De pronto, nos convertimos en padres, y aquella montaña de soberbia se derrumba, esa seguridad con la que siempre actuamos, se evapora como gota de agua en un inmenso desierto, nos encontramos llenos de dudas, de desconcierto, de incertidumbre, nos sentimos caminando con los ojos vendados y somos como un manojo de nervios cada vez que alguna nueva etapa se nos presenta. Actuamos como unos completos idiotas y nos equivocamos cien veces, cien veces y una más y nos cuesta reconocer el error, nos enojamos, enfurecemos con el mundo, con la situación, con el día complicado, con el niño de 6 y de 3 años.

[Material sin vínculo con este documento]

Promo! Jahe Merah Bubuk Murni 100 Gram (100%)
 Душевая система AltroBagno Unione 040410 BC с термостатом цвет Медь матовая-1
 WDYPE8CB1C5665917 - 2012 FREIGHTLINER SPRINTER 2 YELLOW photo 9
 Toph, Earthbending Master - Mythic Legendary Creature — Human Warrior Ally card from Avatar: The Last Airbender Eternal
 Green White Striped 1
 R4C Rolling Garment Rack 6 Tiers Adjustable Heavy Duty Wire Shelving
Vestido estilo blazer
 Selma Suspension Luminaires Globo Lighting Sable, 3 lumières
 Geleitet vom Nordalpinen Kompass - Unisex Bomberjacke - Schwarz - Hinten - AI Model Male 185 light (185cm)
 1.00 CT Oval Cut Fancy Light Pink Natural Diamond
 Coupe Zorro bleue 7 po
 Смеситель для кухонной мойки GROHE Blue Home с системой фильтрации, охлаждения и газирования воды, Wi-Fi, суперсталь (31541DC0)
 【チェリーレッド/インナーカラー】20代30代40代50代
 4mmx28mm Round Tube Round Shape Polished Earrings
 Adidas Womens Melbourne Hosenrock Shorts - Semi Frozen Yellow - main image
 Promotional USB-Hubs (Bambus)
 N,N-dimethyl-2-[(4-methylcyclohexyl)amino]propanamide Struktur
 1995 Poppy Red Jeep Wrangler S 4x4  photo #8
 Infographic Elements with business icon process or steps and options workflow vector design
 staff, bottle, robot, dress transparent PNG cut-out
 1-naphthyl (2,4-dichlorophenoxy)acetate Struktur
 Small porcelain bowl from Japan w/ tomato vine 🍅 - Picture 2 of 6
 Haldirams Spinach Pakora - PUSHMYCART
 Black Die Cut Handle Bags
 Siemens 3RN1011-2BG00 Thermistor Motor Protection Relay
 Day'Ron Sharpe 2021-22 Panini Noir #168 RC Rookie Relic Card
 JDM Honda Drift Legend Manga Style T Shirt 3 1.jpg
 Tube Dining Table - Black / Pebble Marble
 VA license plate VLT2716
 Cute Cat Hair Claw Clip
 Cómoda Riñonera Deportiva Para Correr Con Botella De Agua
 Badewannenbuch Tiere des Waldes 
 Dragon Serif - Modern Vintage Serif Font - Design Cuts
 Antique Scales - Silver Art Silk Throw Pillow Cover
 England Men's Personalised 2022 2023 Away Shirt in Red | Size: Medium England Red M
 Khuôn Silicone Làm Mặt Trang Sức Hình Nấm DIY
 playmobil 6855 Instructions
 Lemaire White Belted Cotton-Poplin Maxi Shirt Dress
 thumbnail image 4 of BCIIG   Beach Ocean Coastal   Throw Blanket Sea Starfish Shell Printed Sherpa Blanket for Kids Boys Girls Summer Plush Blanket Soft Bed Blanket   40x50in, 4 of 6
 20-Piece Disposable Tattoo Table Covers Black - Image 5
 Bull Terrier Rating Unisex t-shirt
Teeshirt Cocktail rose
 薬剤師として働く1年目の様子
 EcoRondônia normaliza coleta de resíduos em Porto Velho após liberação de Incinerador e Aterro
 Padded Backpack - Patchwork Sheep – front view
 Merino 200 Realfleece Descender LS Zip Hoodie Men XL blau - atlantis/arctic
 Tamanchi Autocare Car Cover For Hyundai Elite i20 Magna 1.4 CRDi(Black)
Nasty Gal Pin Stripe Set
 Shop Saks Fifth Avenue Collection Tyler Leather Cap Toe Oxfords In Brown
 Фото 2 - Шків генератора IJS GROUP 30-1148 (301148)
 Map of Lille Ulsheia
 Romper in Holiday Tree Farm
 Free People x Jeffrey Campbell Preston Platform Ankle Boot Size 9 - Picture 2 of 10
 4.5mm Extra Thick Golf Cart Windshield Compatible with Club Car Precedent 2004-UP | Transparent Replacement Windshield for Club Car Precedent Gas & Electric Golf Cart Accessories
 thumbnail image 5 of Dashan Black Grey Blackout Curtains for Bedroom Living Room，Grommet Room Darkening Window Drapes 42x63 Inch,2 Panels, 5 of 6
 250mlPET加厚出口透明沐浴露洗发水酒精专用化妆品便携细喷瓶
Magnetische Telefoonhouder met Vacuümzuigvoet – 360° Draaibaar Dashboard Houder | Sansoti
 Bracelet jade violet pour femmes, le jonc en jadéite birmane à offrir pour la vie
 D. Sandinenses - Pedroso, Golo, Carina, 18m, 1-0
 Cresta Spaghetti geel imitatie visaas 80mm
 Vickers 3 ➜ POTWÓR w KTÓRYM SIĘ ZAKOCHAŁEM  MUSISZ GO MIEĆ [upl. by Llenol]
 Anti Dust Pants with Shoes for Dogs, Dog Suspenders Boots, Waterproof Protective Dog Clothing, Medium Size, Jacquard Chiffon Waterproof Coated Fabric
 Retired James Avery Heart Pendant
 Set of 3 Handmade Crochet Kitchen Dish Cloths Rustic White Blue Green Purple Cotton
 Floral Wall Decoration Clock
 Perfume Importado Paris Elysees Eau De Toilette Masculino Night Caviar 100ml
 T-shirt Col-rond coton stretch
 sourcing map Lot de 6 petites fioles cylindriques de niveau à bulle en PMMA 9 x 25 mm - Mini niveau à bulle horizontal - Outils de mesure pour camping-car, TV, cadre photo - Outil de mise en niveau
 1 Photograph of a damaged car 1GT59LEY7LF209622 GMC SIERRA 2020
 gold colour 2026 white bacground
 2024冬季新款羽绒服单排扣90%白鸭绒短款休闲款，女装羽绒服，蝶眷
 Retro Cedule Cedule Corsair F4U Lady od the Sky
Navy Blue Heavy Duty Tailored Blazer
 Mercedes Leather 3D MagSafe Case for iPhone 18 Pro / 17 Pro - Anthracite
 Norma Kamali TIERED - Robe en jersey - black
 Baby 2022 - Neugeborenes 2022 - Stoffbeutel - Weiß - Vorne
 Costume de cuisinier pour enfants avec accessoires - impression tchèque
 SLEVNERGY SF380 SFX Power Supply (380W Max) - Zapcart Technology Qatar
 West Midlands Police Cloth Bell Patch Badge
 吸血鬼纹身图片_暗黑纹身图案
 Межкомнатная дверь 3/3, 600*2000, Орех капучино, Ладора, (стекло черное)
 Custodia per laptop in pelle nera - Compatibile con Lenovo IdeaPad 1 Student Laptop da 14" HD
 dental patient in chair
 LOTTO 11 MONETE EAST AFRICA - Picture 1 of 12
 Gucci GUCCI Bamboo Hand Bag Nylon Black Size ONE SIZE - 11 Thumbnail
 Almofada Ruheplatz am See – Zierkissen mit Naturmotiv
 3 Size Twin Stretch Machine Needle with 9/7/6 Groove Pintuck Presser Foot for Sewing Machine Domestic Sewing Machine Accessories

Y ahí estamos retomando el día, una y otra vez, hablando con ese hijo una y otra vez, buscando un modo y otro, una variante y otra para ver si resulta y al final no logramos nada, volvemos al lugar donde iniciamos, como un círculo vicioso del que no podemos salir. Y es que no es tan simple como se ve. Hay que replantearnos todo aquello que dábamos por sentado, esos ideales, esas creencias de las que nos sentíamos orgullosos y de pronto no valen nada o poco menos que nada, porque descubrimos que eso que aprendimos antes ahora no nos es de utilidad, que los métodos, las formas, las palabras, todo, todo cambia y no podemos escaparnos, no podemos contenerlo. Tampoco digo que rememos a favor de la corriente para evitar los conflictos, lo que digo es que de verdad tenemos que evolucionar como personas, reconocer que no sabemos nada, bajar la guardia y dejar que la magia suceda en nuestro interior, doblegarnos un poco de nuestro yo absoluto y perfecto para ver lo que claramente está sucediendo y es que no tenemos nada en nuestras manos, que todo el universo conocido es hoy un lienzo en blanco para reescribirlo, para colorearlo de nuevo. Debemos sucumbir a nuestra resistencia de escuchar y aprender, y permitir que una frase, una palabra, una mirada, una actitud, un berrinche, un gesto majadero, se transformen en la enseñanza para nosotros, porque somos nosotros los que estamos aprendiendo de ellos, los hijos, ellos son nuestros verdaderos maestros.